There are two short readings that you may want to dofirst.
- The first is an article about the distinction between physical space (within which all objects actually are located) and the abstract space of possibilities (which consists of all ways that the objects in a physical system could be arranged in physical space.) This issue, essential in quantum physics of any type, will be crucial below.
- The second is a short section of a blog post that explains how QM views an isolated object in a state of definite momentum — i.e. something whose motion (both speed and direction) is precisely known, and whose position is therefore completely unknown, thanks to Heisenberg’s uncertainty principle.
I’ll will review the main point of the second item, and then I’ll start explaining what an isolated object of definite momentum looks like in QFT.
Removing Everything Extraneous
First, though, let’s make things as simple as possible. Though electrons are familiar, they are more complicated than some of their cousins, thanks to their electric charge and “spin”, and the fact that they are fermions. By contrast, bosons with neither charge nor spin are much simpler. In nature, these include Higgs bosons and electrically-neutral pions, but each of these has some unnecessary baggage. For this reason I’ll frame my discussion in terms of imaginary objects even simpler than a Higgs boson. I’ll call these spinless, chargeless objects “Bohrons” in honor of Niels Bohr (and I’ll leave the many puns to my readers.)
For today we’ll just need one, lonely Bohron, not interacting with anything else, and moving along a line. Using 1920s QM in the style of Schrödinger, we’ll take the following viewpoints.

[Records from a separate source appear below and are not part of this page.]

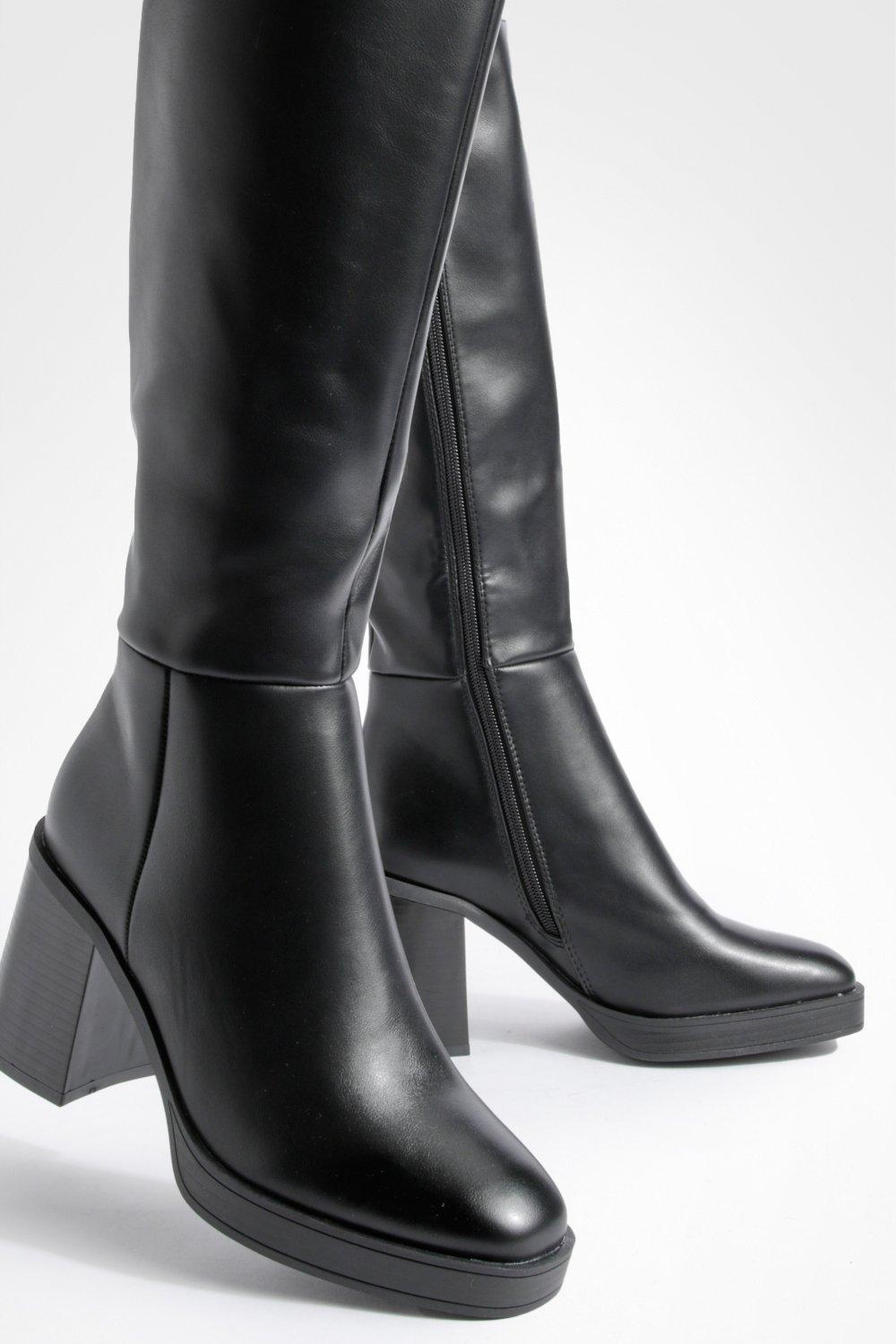 Knee platform outlet boots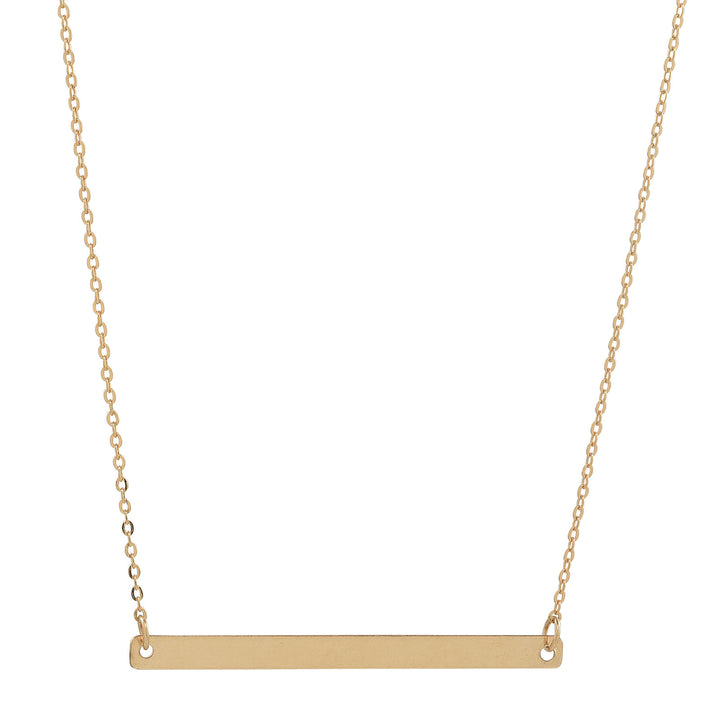 SALE - Long Thin Bar Necklace - Necklaces - Smooth - Smooth / Gold - Azil Boutique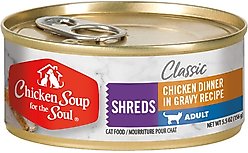 Chicken Soup for the Soul Chicken Dinner in Gravy Recipe Shreds Wet Cat Food, 5.5-oz can, case of 12
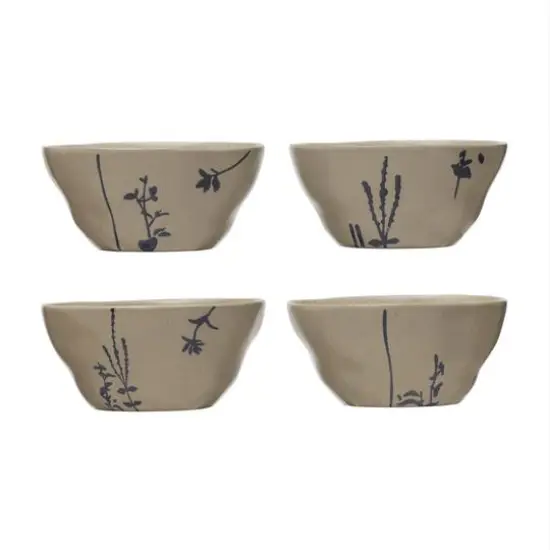 Hello Honey&reg; Antique White & Blue Hand-Stamped Stoneware Bowl Set {1}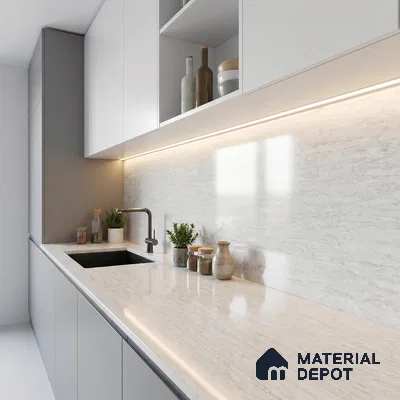 Belina Quartz QR 00256 Silver Mist Helsinki Series 11.42 ft x 6.6 ft Quartz - 20 mm | 10 Years and Replacement Warranty | Suitable for Kitchen, Restaurant, Counter Tops, Dining, Reception, office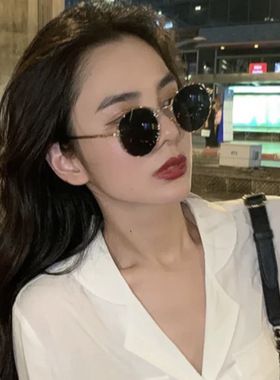 新款墨镜女高级感刘仁娜同款眼镜时尚个性蛤蟆镜防紫外线太阳眼镜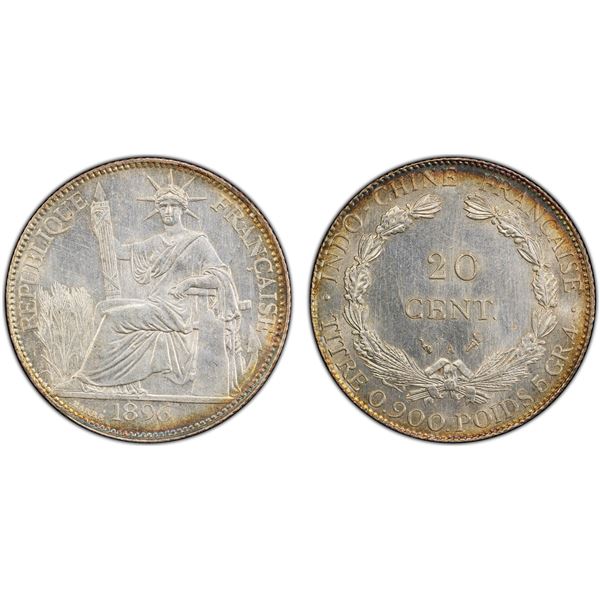 FRENCH INDOCHINA: French Colony, AR 20 centimes, 1896-A, PCGS UNC details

- A Bohron is a particle and exists in physical space, which we’ll take to be just a line — the set of points arranged along what we’ll call the x-axis.

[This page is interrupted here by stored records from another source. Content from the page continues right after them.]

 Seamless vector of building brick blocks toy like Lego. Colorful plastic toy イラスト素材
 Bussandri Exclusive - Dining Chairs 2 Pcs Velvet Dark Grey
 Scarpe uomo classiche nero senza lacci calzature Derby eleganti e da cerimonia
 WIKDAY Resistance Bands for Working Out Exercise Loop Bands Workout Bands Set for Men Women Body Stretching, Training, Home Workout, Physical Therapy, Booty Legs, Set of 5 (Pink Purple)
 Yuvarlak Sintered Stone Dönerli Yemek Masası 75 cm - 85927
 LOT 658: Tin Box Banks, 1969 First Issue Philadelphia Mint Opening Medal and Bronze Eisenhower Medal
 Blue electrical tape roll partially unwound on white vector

- The Bohron has a property we call position in physical space. We’ll refer to its position as x1.
- For just one Bohron, the space of possibilities is simply all of its possible positions — all possible values of x1. [See Fig. 1]
- The system of one isolated Bohron has a wave function Ψ(x1), a complex number at each point in the space of possibilities. [Note it is not a function of x, the points in physical space; it is a function of x1, the possible positions of the Bohron.]
- The wave function predicts the probability of finding the Bohron at any selected position x1: it is proportional to |Ψ(x1)|2, the square of the absolute value of the complex number Ψ(x1).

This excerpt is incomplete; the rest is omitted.